Je n’aime aucun des politiciens actuels. Tous les mêmes, il n’ y a pas un pour relever l’autre. Sarkozy, c’est un petit mec nerveux, qui envoit ses sbires, ses policiers pour faire taire les gens dès qu’ils se mettent en grève dans les usines alors qu’il a promis les aider. C’est pareil que dans les cités. Les jeunes se font assassiner dans les cités et à chaque fois les flics n’ont jamais de problèmes, c’est le contraire ce sont les habitants des cités qui trinquent. Alors moi Sarkozy, non! Never! never!
De quelle cité êtes –vous?
Je suis de la région parisienne.

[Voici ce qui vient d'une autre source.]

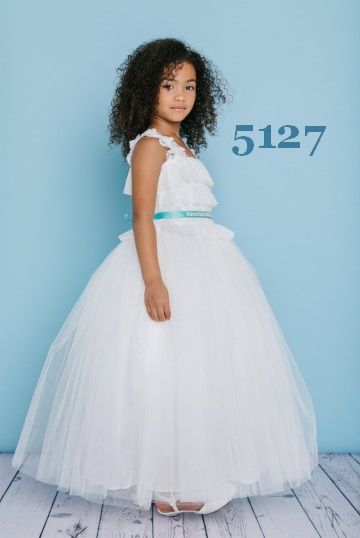 Girl in white formal dress with teal sash, stands in front of light blue background.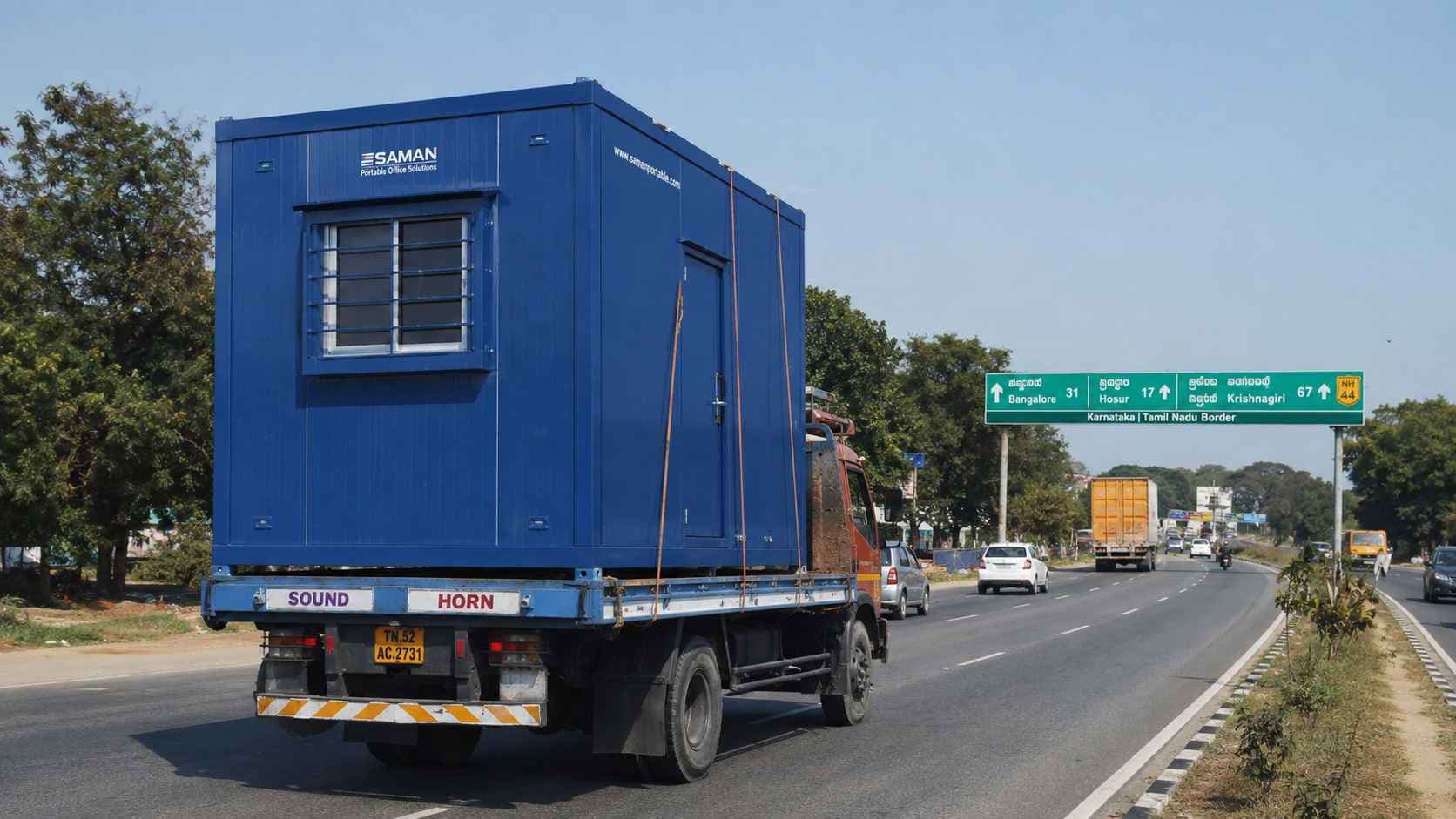 SAMAN NHAI Blue porta cabin loaded on a flatbed truck on NH 44 Bangalore-Hosur highway.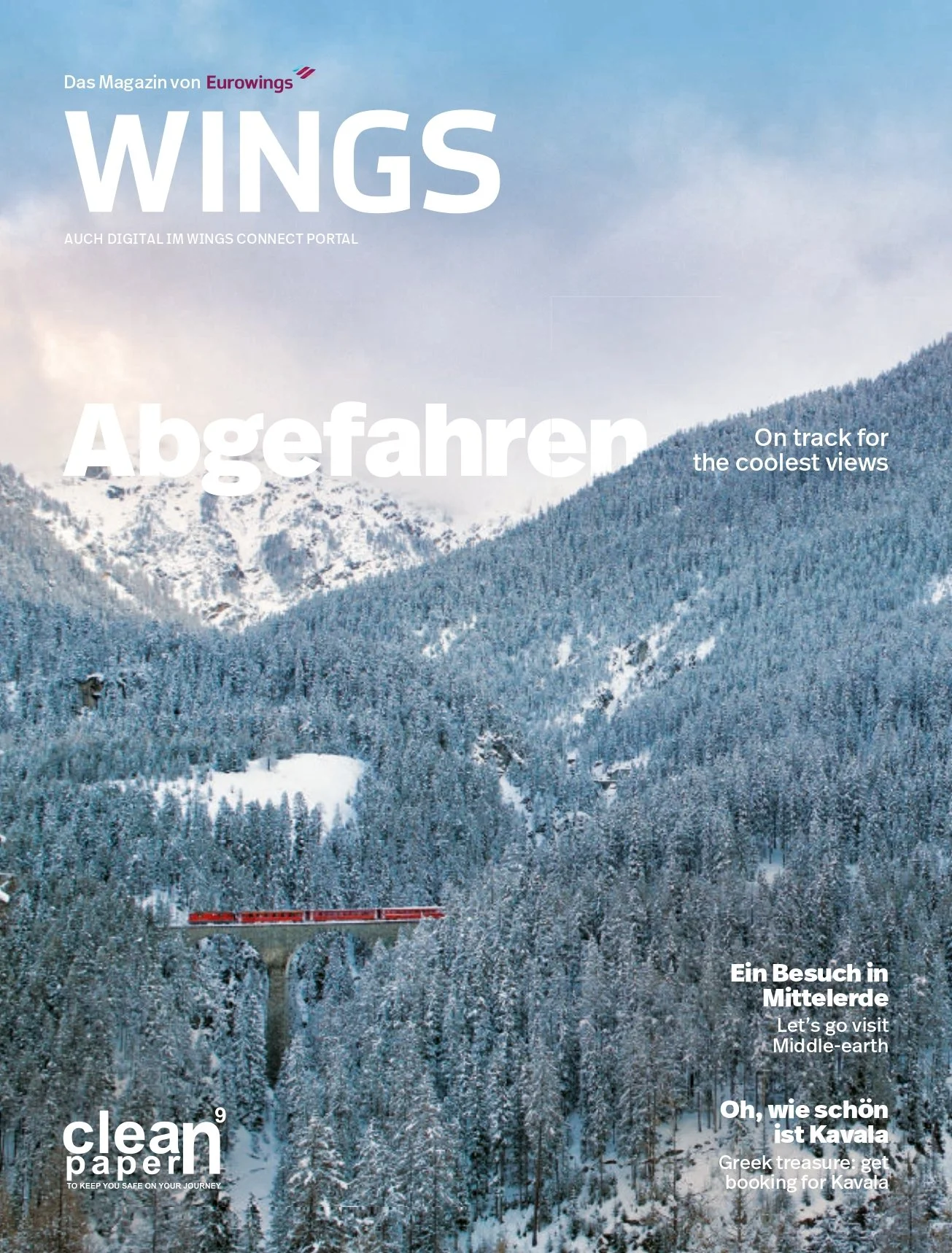 A snowy mountain landscape with a red train traveling on a bridge over a forested valley, magazine cover in German and English about travel and scenic views.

Je suis de Colombes dans le 92. C’est une cité pourrie.
A ce point là?
C’est quand même pas le Pérou Colombes, c’est près de Bécon-les –Bruyères, Levallois…
J’habite les Morenaux, près d’Argenteuil. c’est pire.
Quel message avez-vous délivré à tous ceux qui sont venus à votre concert ce soir?
Je ne suis pas un prophète, mais j’aime communiquer la joie et le bien-être. Je refuse d’agir en donneur de leçons comme un homme politique. Je n’ai pas l’âme à dire aux gens ce qu’ils doivent faire. Je ne suis pas sûr de faire les bons choix moi-même, alors, mon rôle est de d’apporter la joie et le bien-être aux fans de prendre ce qui leur semble bon dans mes chansons. J’aborde beaucoup de thèmes. Et j’espère que chacun y trouve son compte.
Tout de même vous êtes connu et reconnu en France sinon dans le monde?
Je ne suis pas à la hauteur. Je ne suis qu’un simple chanteur. Je ne suis qu’un apprenti chanteur de reggae.
Vous un apprenti?
(Rires) En fait, je veux être ce que j’ai toujours été, un mec simple sinon je me perds. J’ai besoin d’être avec les gens opprimés, défavorisés, des gens qui ont du cœur et l’esprit ouvert et qui aiment le reggae, non vraiment je n’ai aucune prétention d’être une pointure.
Pensez-vous que l’on soit opprimé en France aujourd’hui?
Oui, la police fait ce qu’elle veut. La justice est bancale. Regardez l’affaire Outreau. Le juge qui a brisé des vies de dizaines de personnes n’a écopé que d’un simple blâme. C’est ça la France aujourd’hui. Plein pouvoir à la police, à la justice et dès qu’on l’ouvre un peu, c’est pan! pan! on vous tape dessus. C’est une dictature molle, une dictature hypocrite la France, c’est aussi une dictature de l’argent.
La situation est-elle désespérée?
Il y a beaucoup de bonne volonté, mais en ce moment c’est une vraie dictature.
Quelles solutions préconisez-vous en tant qu’artiste?
Moi j’ai mon bateau, quand j’en ai marre, je vais où les gens sont cools.
Votre solution, c’est la politique de l’autruche?
Non! je ne fais pas l’autruche je suis un marin, un vrai marin, alors quand c’est ça devient trop compliqué je prends le large, pour me ressourcer pour mieux revenir au combat.
A quel moment sentez-vous que vous n’en pouvez plus?
Quasiment tout le temps. Parce que la vie est trop merdique ici en France.